Now click on the Slices tab, located next to the Layers tab, and expand the menu associated with your newly-created slice:

Slices menu
The Slices menu will allow you to designate the properties of your exported image, including file type, size, location, file name, and more.

In the menu, make sure you have the following presets:

  • PNG as the file type
  • 1x as the size

Now click the little white icon located to the right of the slice name. You will be prompted to choose a location on your hard drive to export your slice to, and you’ll also be able to name the file as well.

Export button
The Export button is a tiny white icon located next to the export properties. Click the image to enlarge.

Once saved, your object/slice should be accessible on your hard drive as a PNG image.

Step 3: Import Your PNG As A Textured Brush

Now it’s time to add a new textured brush using your PNG image, allowing you to make brushes in Affinity Designer with your own designs.

To do this, navigate back to the Designer Persona and locate the Brushes tab in the top-right of your screen. You will see an index of brushes to choose from:

Brushes menu
Each brush is indexed under its own category. You can choose to place your own brush in any category you’d like, or you can create a new category for custom brushes, which be ideal for organizational purposes.

Click the little menu icon to the right of the Brushes tab and select New Textured Image Brush.

Add textured image brush
Add a new textured image brush by clicking on the little hamburger menu to the right of the Brushes tab, then selecting it from the list.

Brush Types

The reason why we’re choosing textured image brush instead of textured intensity brush is because the image brush is what allows us to use the shape that we’ve created as a brush.

According to Affinity’s documentation, intensity brushes:

Creates a brush stroke based on the opacity values of a raster image.

However, image brushes:

Creates a brush stroke based on the color values of a raster image.

Or in other words, intensity brushes are used when you want to create a brush based on an image, whereas image brushes are used when you want to create a brush based on a shape.

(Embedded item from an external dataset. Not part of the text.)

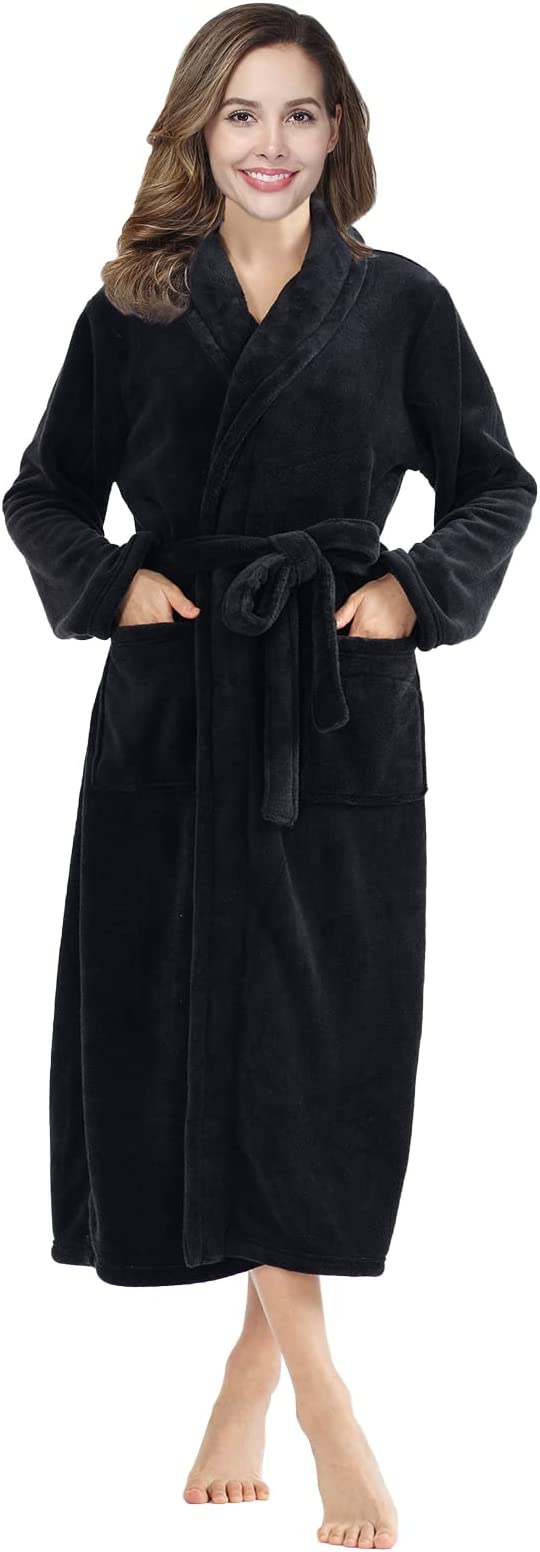 ZAKASA Plush Fleece Hooded Robes for Women Soft Fuzzy Ladies Bathrobe with Pockets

Once selected, your imported PNG will now be usable as a brush:

Added brush
Your newly added brush will populate in the Brushes menu.

Using Your Custom Brush

Now that you know how to make brushes in Affinity Designer, let’s go over how to utilize them.

Grab the Vector Brush Tool (keyboard shortcut: B) and select your custom made brush from the Brushes tab. You should be able to paint on the canvas with it:

Custom brush stroke
Click and drag on the canvas to create a brush stroke using your custom brush.

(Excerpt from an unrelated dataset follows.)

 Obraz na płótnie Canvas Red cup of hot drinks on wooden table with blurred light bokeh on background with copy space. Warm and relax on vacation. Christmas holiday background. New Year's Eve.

A vector path will be created following your hand motion. You can edit this path further using the Nodes Tool (keyboard shortcut: A)

Brush nodes
The brush stroke will follow a path, which can be altered using the Nodes Tool.

Adjusting Your Brush

You can edit the properties of your custom brush by simply double-clicking it, which will open the brush editor:

Brush editor menu
Refer to the video tutorial at the beginning of the lesson to see how all of these settings affect your brush strokes.

The brush editor allow you to make various alterations to the behavior of your brush, including:

  • Brush Width: This controls the size/thickness of the brush stroke.
  • Size Variance: Allows you to make it so that your brush thins out to a point near the end of the brush stroke.
  • Opacity Variance: Can make it so that your brush transitions to transparency towards the end of the brush stroke.
  • Body: Choosing Stretch (default) will make it so that your PNG image stretches the length of your brush stroke. Choosing Repeat will make it so that the PNG image is repeated multiple times along the path.

The preview box at the bottom of the menu with red lines on each side represent the start and end point of the brush. Moving the lines inward will make it so that only a potion of the brush is used.

It is recommended that you watch the video tutorial at the beginning of the post for a thorough demonstration of how all of these settings work.

Changing The Color Of A Textured Image Brush

Although the textured image brush allows us to make brushes in Affinity Designer based on a custom shape, it’s not without its downsides.

Unfortunately, you cannot change the color of a textured image brush. Therefore, the color you export the PNG image in will be the color that the brush strokes output as. However, there is a workaround which will allow you to change the brush’s color.

To change the color of a textured image brush, simply add an adjustment layer by navigating to: Layer > New Adjustment > Recolor.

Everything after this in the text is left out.